§ Aim of the exercise:
The listing below should be written out word for word, with its pictures removed.

§ Exercise data:

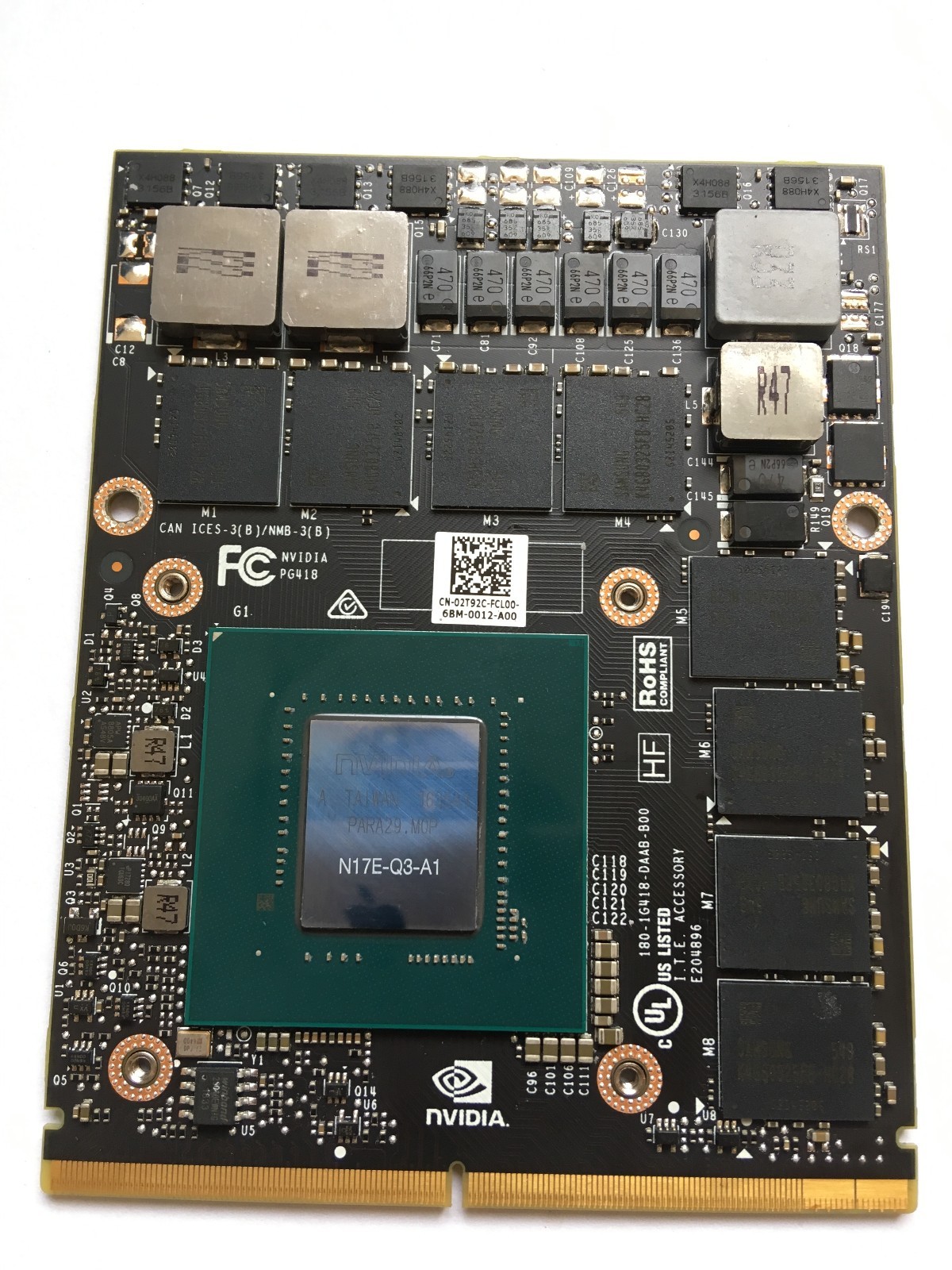 NVIDIA Quadro P4000 MXM GPU Card N17E-Q3 for M7710 M7720 Zbook17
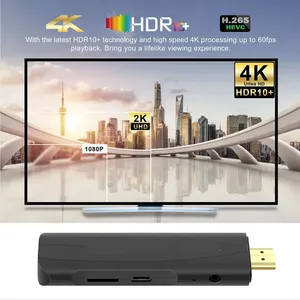 HLQ-TV-Y4 amlogic четырехъядерный 2 ГБ 16 ГБ двойной Wi-Fi bt голосовой пульт дистанционного управления android 13 tv stick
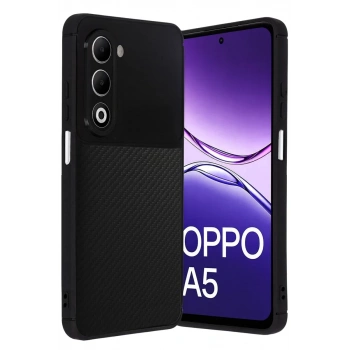 Oppo A5 4G Auto Focus Karbon Kapak - Siyah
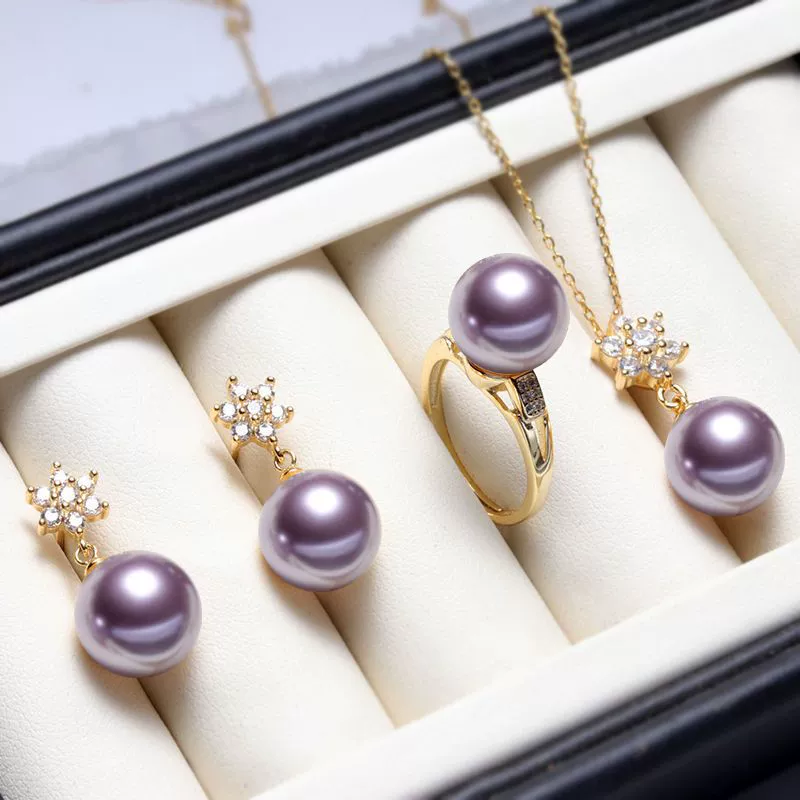 Akoya Pearl Jewelry Three Pieces Set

§ Answer box:
 NVIDIA Quadro P4000 MXM GPU Card N17E-Q3 for M7710 M7720 Zbook17
 HLQ-TV-Y4 amlogic четырехъядерный 2 ГБ 16 ГБ двойной Wi-Fi bt голосовой пульт дистанционного управления android 13 tv stick
 Oppo A5 4G Auto Focus Karbon Kapak - Siyah
 Akoya Pearl Jewelry Three Pieces Set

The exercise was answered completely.